Ndigi Gichingiri Presents

Sounds Good

Improving the screen reader experience for Talkback and VoiceOver users.

Design Ops

Background

During an accessibility audit, Jocelyn and I found various issues that made My PetSafe ADA non-compliant and degraded the experience of our app for those using screen readers. Seeing as RSC had already sued for this issue before we thought our customers and our business would benefit from us taking action to remedy these issues.

My Role

I performed our accessibility audit on Android, documented the issues, presented to our developers with Jocelyn, created our annotation template, and facilitated implementation.

The Problem

Voiceover and Talkback users were hindered by components missing labels, lack of appropriate grouping, and content carryover from previous screens.

The Solution

Relevant labeling of components, including labels at the parent level, eliminating carryover and ensuring accessibility is considered at all points of our process.

No items found.

The Process

Since Jocelyn and I had already identified the issues we observed we thought our next best course of action would be determining what interactions were appropriate. We consulted Apple's Human Interface Guidelines and Google's Material Design Guidelines for recommendations and tested a variety of native apps to see how Apple and Google implemented their own recommendations.

Reporting the Results

At this point in the process members from our QA team expressed interest in hearing observations from our audit. Shortly after we presented these findings to our front end team.

We sorted our results into 5 sections in need of improvements.

Defining Next Steps

Thankfully, we found that our developers were very receptive and eager to help us tackle the issues we observed, but as we started talking next steps it quickly became clear that simply stating the issues and solutions wouldn't be sufficient. Jocelyn and I would need need to define our expectations.

Shaping the Requirements

With documentation identified as a deliverable, Jocelyn and I started our first attempt at guidelines for VoiceOver and TalkBack. Before we got into annotations, we found it necessary to identify each type of component we had in our system.

A few examples of components and other elements we use.

Once that was done we started annotating everything in Figma.

Refining our Documentation

After we met with our developers to go over the documentation we created they started implementing the solutions we proposed. However, over time it became clear that some components required more documentation.

Components without a state to report were easy to follow guidelines for.
Components with states or multiple items were interpreted as a requirement to dictate each item at once. This would be too verbose

With that issue identified we adjusted our annotations to make it clearer what the expectations were for more complex components such as the tab bar and form fields.

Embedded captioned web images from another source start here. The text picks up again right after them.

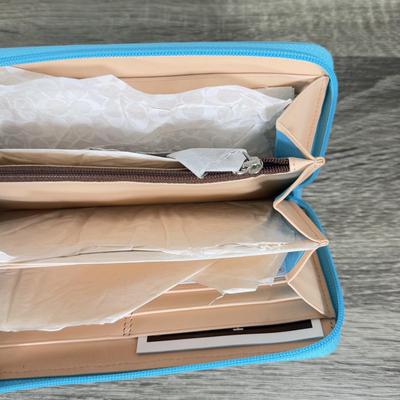 LOT 137B: Three Coach Wallets - One w/ Tag, 2 w/ Paperwork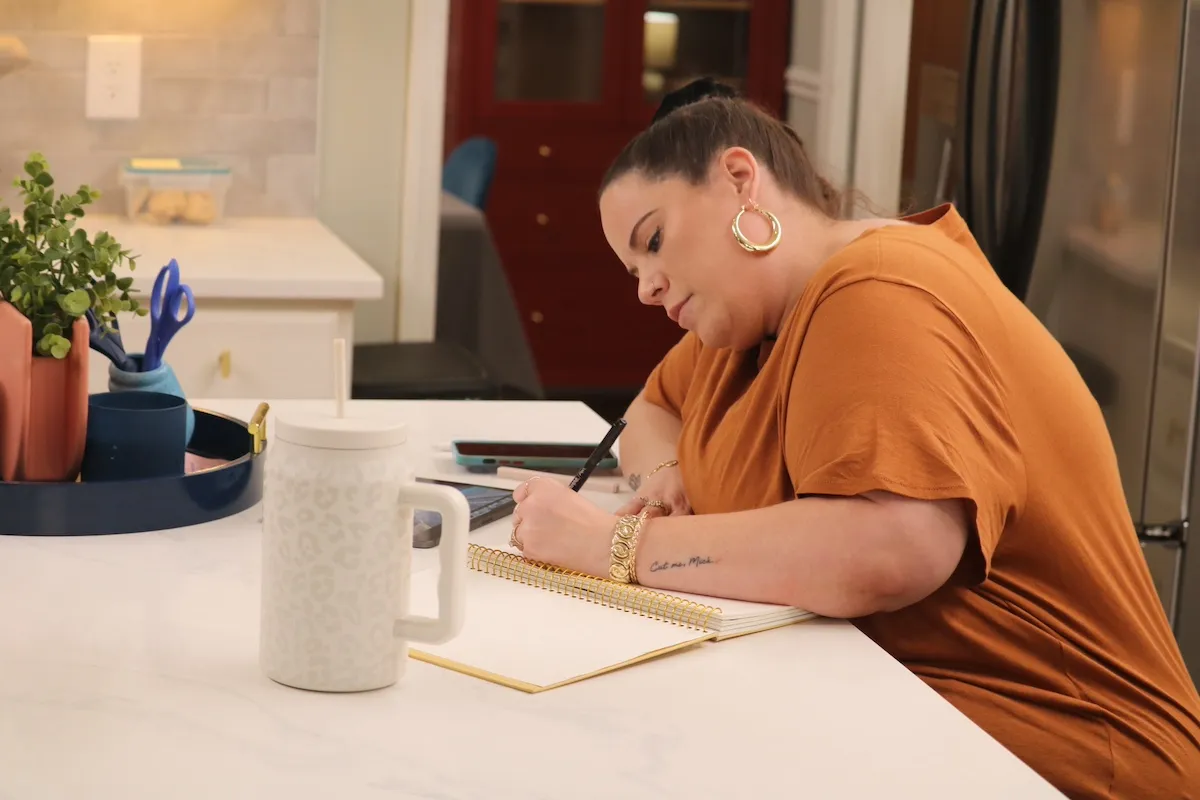 Whitney Way Thore sitting at a table and writing in a notebook in 'My Big Fat Fabulous Life'
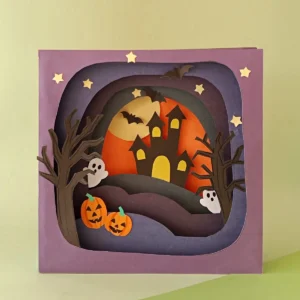 Pinnable vertical photo of the finished 3D Halloween shadow box with a haunted house and glowing moon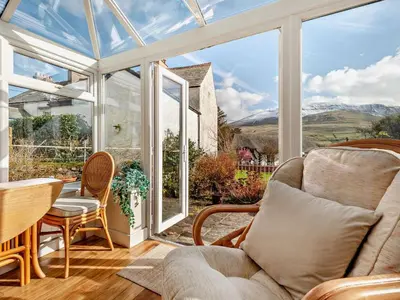 a conservatory with a couch and a table and chairs at 3 Bed in Keswick oc-94346 in Threlkeld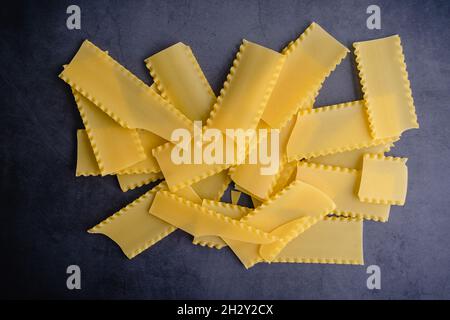 Broken Lasagna Noodles on a Dark Background: Uncooked lasagne noodles that have been broken into pieces Stock Photo
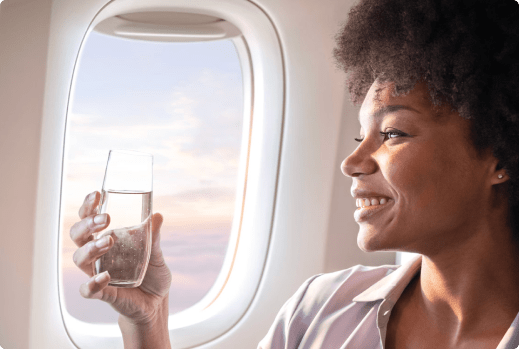 Woman holding a glass of water sitting in the window seat on an airplane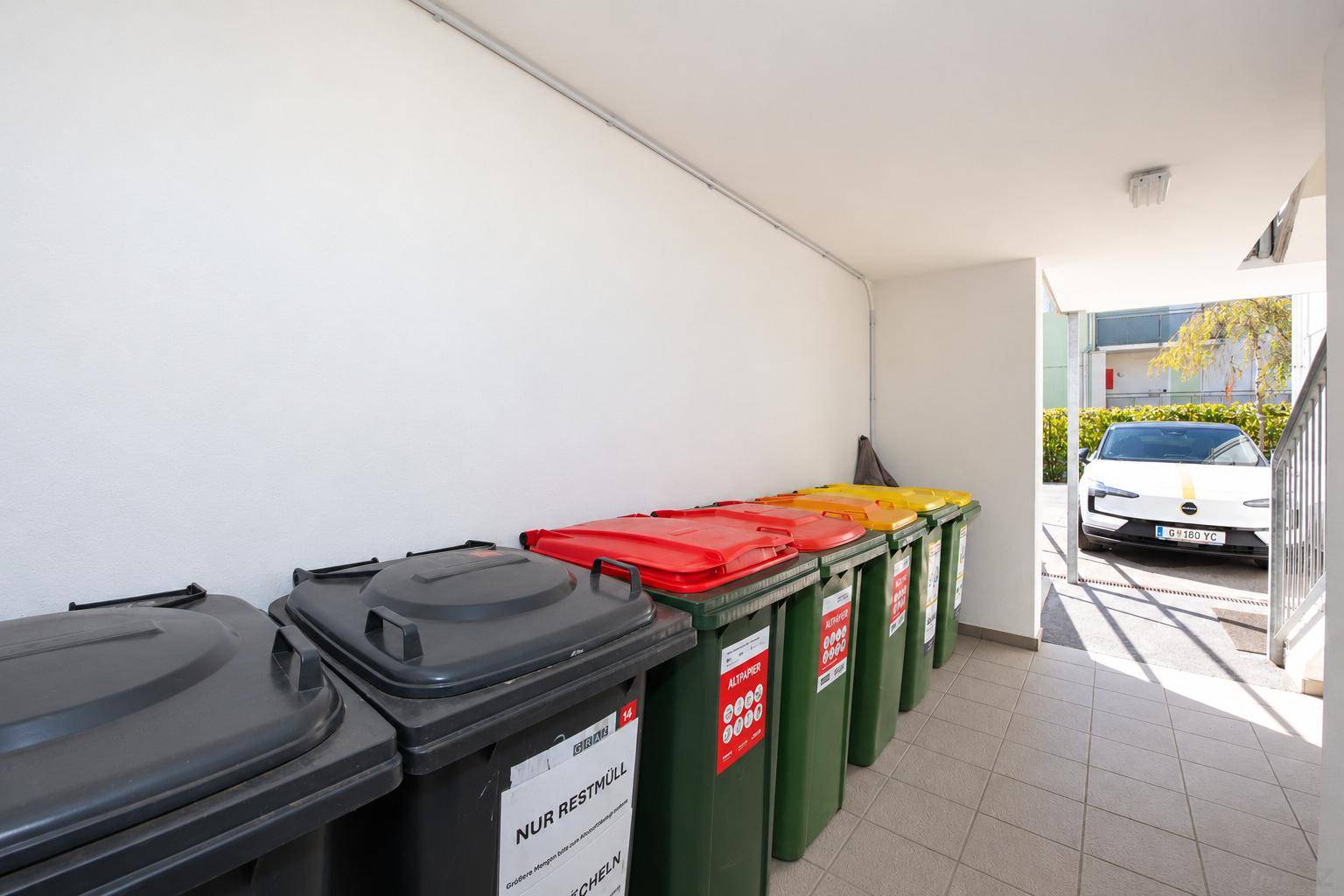 Innenbereich mit mehreren farbigen Mülltonnen und Fliesenboden, ein Auto ist draußen sichtbar.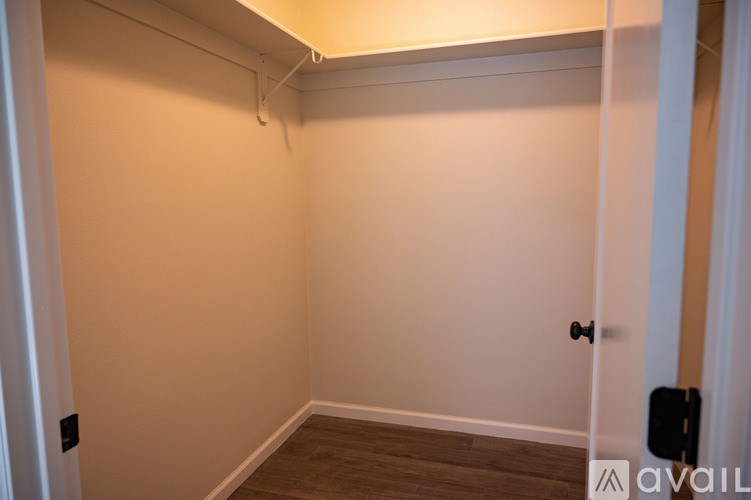 A room with a door and a wall socket.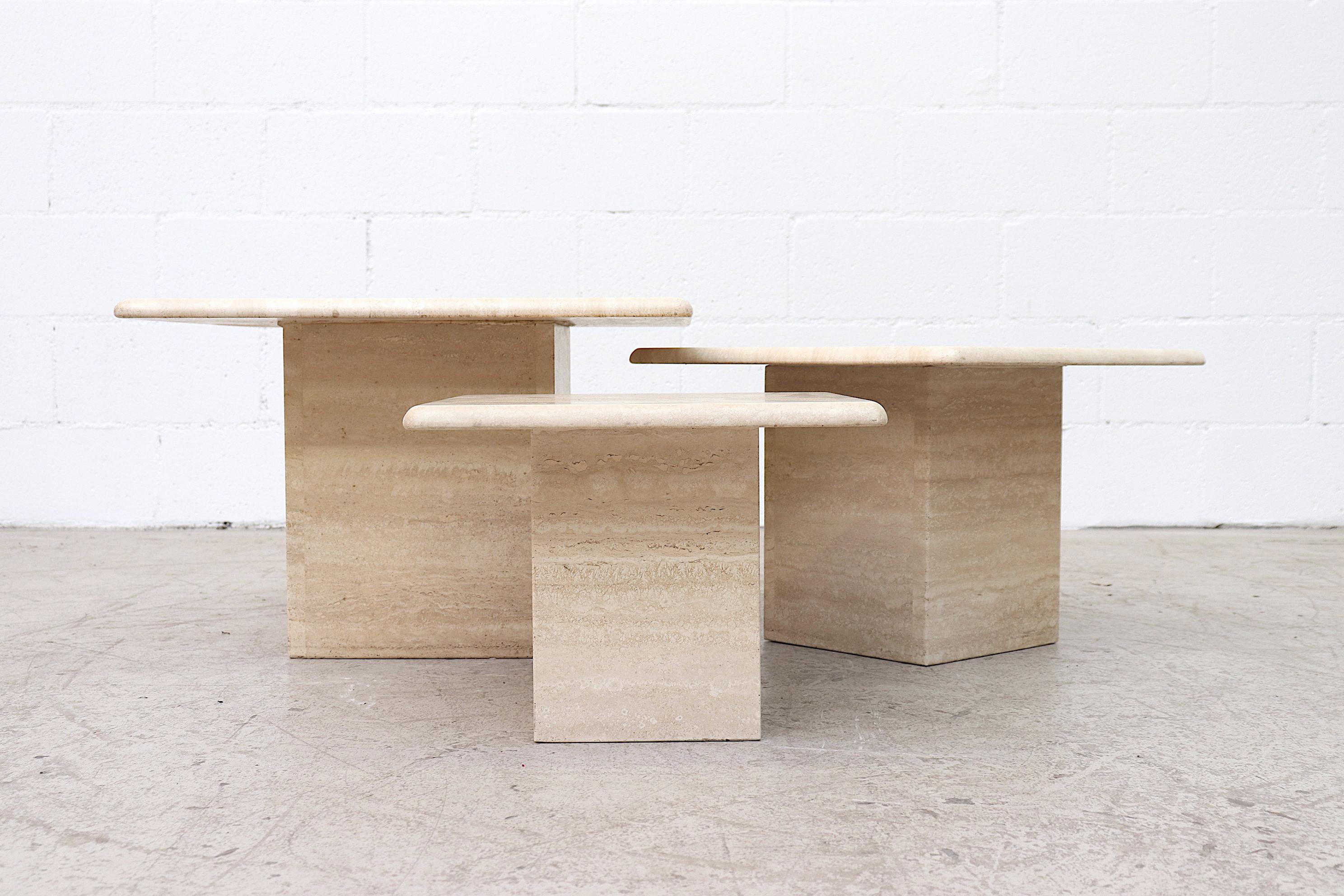 Set of 3 Travertine coffee or side tables with matching travertine base. In original condition with minimal wear or chipping.
Measures: Large 23.75 x 23.75 x 16
Medium 20 x 20 x 14
Small 16 x 16 x 12.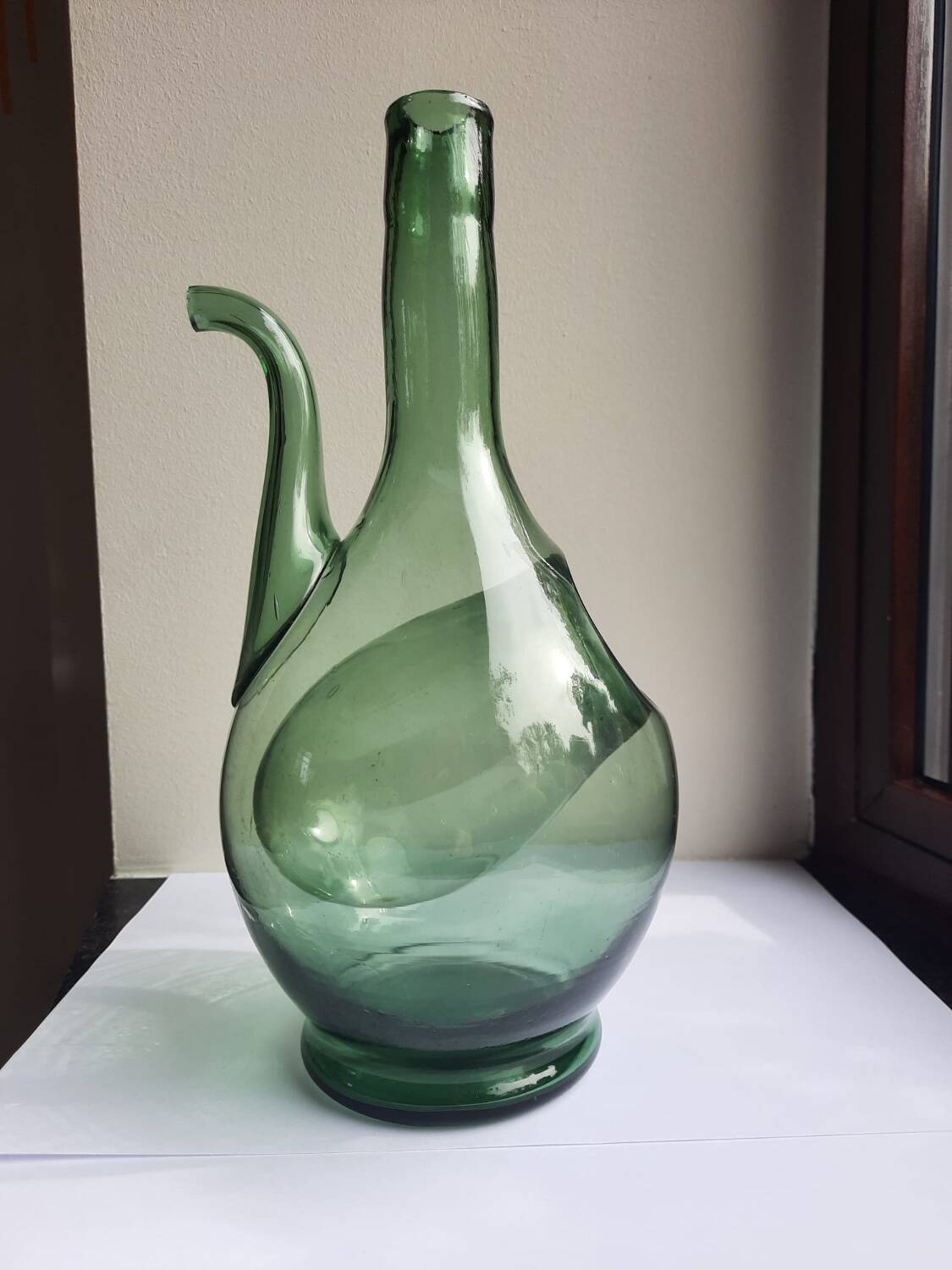 Pair of blown glass wine decanters in blue/green hues.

Global Accessibility Awareness Day(GAAD) 2022

To this day Jocelyn, myself, and the rest of the UX team continue to advocate for accessibility and in May of 2022 we hosted RSC's 2nd observance of Global Accessibility Awareness Day(GAAD). During this time I had the opportunity to present the progress we've made so far, speak to how accessibility is part of my team's process, and encourage others at RSC to prioritize accessibility throughout every step of our product development process.

Where We Are Now

Fast forward many Jira tickets later, we were able to address a majority of the issues observed and in February of 2022 we released an updated version of our app on the Google Play Store.

ScoopFree now lets users know how many rakes have occurred over the last week.

While I'm proud of what we've achieved so far the work is not done. We unfortunately were unable to test our improvements with users and as development continued some other opportunities for improvement were identified such as:

  • Color usage (some items failed WCAG contrast requirements)
  • Localization (UK vs. American English has its share of wrenches to throw)
  • Native components (using native components can make implementing/maintaining accessibility easier)

The issues observed provided the opportunity for some design system enhancements and improvements to our process. Both of which are challenges I'm very eager to tackle.

Takeaways

Before I started working on this my knowledge of screen reader accessibility was non-existent and so my first experience using one certainly presented a bit of a learning curve, but it really helped me empathize with people who primarily use one to navigate their devices. On top of that given the size of our teams and varying levels of bandwidth it at times has been challenging to maintain momentum, but this work is extremely valuable and has to be treated as such. If anything I've found a new passion that I'm gracious is part of my work and I will continue to champion the needs of the many versus the few.